Printed newspaper circulation has fallen steadily since the advent of the internet[3] – in 2008 in the USA alone newspapers lost $64.5 billion in market value.[4] As newspapers’ online readership has increased, the newspaper industry has been forced to re-evaluate their business models in the light of falling advertising revenues. While online editions of newspapers have been extremely popular, advertising rates online are lower than for print media, and revenues from them have not been sufficient to offset the loss of revenue from print.[5]

In 2009, Rupert Murdoch proposed a method of micropayments for online newspaper content.[6] From June 2010, certain News International titles were only available as paid content.[7]


The music industry has had some success in creating new markets of legal downloading where lower costs and accessibility have led to success, and some suggest there are parallels between the major victims of digitalisation – the music industry and the media.[8]

The MP3 file can often be duplicated, passed on and exchanged – without capacity boundaries or losses suffered by an individual.
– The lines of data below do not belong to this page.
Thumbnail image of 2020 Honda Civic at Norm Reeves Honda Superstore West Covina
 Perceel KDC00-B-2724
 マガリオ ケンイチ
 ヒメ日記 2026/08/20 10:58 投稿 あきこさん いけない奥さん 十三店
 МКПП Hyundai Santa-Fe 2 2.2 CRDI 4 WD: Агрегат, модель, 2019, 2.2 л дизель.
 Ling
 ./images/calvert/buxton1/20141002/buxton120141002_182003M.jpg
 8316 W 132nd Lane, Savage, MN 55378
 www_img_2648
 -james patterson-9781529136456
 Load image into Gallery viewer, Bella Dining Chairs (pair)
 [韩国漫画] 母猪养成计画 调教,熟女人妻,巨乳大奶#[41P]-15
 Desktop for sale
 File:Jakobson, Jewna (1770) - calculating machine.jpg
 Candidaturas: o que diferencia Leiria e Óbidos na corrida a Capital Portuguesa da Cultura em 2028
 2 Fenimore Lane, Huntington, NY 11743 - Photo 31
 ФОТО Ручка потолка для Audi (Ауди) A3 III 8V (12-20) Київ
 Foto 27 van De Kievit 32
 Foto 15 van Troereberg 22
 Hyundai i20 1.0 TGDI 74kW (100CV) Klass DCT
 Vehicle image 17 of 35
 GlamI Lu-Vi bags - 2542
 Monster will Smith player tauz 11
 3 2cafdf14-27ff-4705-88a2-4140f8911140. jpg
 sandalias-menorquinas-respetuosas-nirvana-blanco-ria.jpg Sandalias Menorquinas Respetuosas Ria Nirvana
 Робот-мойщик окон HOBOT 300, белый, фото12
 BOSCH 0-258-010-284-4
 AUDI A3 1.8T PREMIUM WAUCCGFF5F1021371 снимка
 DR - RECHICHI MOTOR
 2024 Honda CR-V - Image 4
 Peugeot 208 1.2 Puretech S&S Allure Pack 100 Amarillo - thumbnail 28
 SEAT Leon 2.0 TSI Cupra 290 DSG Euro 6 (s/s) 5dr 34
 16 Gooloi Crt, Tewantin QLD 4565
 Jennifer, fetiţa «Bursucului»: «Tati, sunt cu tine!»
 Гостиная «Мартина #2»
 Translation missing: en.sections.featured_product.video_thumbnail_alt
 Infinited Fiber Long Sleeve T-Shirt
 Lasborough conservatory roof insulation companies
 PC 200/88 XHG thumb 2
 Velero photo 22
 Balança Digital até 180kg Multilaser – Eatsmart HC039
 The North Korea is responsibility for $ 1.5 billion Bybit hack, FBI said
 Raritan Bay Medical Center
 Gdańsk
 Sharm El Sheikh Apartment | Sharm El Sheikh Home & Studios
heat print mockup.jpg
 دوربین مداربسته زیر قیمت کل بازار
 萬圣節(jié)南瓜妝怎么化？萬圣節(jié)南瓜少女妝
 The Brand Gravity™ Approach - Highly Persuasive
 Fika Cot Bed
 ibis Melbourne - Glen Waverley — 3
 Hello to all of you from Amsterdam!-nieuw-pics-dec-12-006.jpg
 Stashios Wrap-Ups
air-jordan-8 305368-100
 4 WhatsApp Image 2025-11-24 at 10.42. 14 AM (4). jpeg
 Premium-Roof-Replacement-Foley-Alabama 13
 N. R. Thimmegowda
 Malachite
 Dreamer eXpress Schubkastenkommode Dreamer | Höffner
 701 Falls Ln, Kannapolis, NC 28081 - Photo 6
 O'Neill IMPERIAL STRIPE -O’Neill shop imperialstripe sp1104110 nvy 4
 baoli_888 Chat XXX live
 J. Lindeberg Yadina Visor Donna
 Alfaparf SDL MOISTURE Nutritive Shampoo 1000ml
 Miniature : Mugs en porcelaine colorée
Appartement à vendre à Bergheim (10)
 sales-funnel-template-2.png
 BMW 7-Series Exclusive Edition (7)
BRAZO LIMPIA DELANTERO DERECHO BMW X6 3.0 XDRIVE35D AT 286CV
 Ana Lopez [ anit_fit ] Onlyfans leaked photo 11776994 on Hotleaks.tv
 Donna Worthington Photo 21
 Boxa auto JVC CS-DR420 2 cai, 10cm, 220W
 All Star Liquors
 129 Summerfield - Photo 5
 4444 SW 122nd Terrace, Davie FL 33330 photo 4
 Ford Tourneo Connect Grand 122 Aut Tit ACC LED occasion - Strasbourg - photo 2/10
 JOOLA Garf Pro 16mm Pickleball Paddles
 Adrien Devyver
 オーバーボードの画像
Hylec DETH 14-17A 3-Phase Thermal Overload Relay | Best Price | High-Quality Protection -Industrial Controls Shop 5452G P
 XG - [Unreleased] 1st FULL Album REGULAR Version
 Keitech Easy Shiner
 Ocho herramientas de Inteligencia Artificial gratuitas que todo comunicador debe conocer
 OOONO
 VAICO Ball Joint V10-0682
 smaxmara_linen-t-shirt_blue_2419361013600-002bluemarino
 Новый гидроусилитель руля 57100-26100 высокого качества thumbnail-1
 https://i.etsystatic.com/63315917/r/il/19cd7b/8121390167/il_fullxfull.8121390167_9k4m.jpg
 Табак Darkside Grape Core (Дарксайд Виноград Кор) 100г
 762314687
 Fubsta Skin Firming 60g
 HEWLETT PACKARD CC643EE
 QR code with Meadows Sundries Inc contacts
These features of MP3 files as an example of digital content are one of the main reasons for the huge revenue collapses in the music and media industry since the existence of the Internet. Online games, however, as an example of digital services, is only a right to participate when the purchased input is offered and traded. This right can be traded and passed on, but, contrary to MP3 files, the vendor forfeits the benefit of this right at the moment it is passed on.

Video games

Since the popularization of digital distribution platforms, it has become particularly common for games to feature paid content. Said content is often unlockable via online microtransactions. The act of payment may provide access to a previously restricted feature or content in the game, or permission to download additional content.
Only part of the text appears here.